DATA SEGMENT -

-.-.-

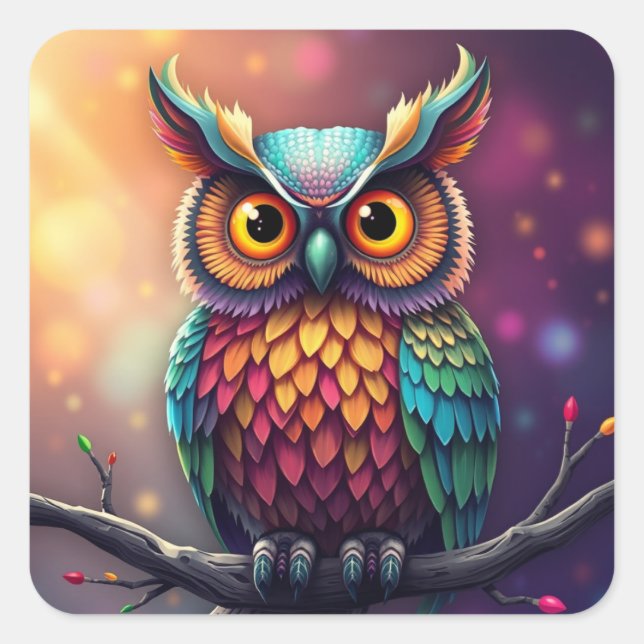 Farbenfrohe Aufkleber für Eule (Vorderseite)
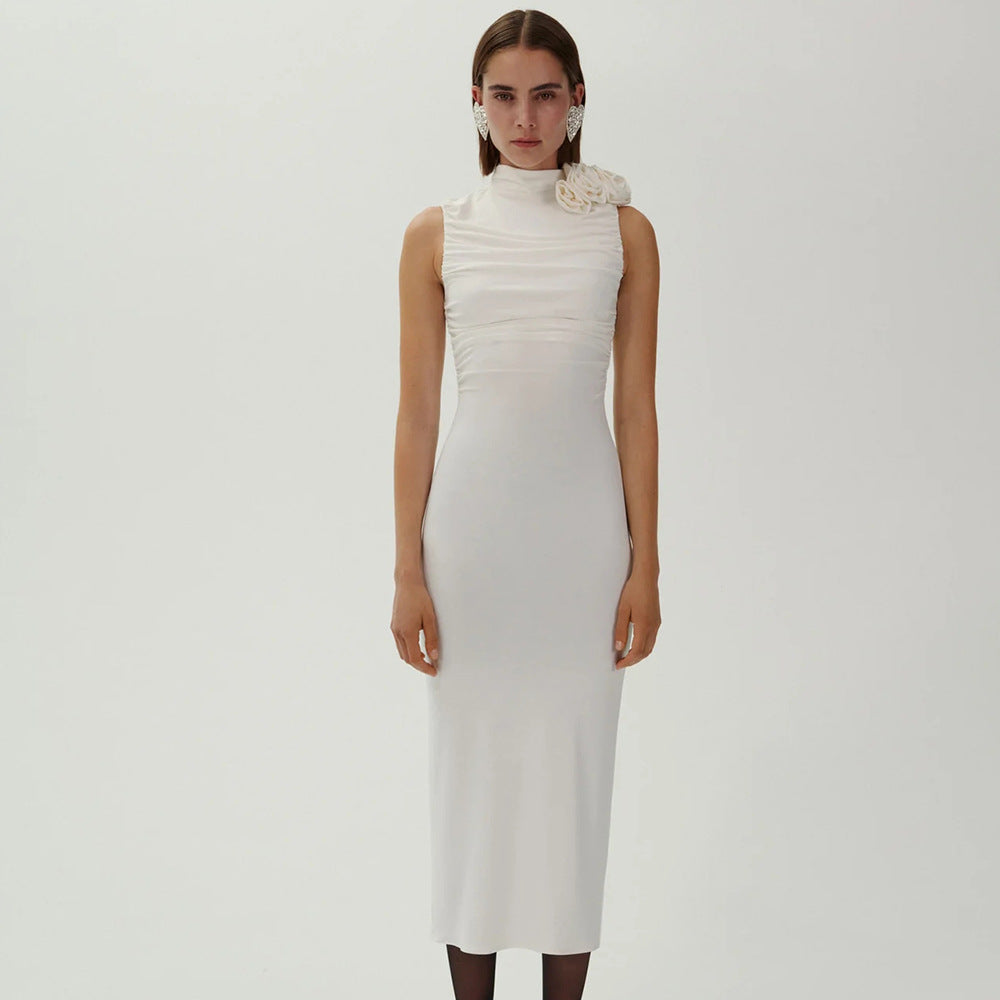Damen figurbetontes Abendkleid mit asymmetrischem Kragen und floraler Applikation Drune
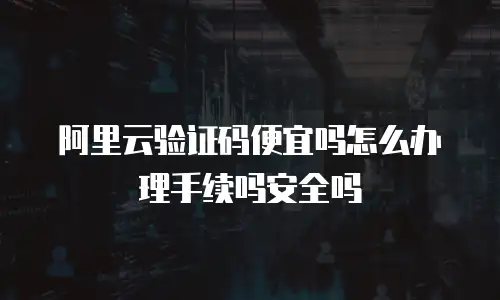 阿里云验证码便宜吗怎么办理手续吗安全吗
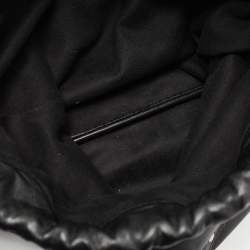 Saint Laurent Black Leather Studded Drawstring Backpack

-.-.-

ABOUT THIS TASK - Type the listing out again word for word, passing over each picture.

RESULT -
 Farbenfrohe Aufkleber für Eule (Vorderseite)
Damen figurbetontes Abendkleid mit asymmetrischem Kragen und floraler Applikation Drune
 阿里云验证码便宜吗怎么办理手续吗安全吗
 Saint Laurent Black Leather Studded Drawstring Backpack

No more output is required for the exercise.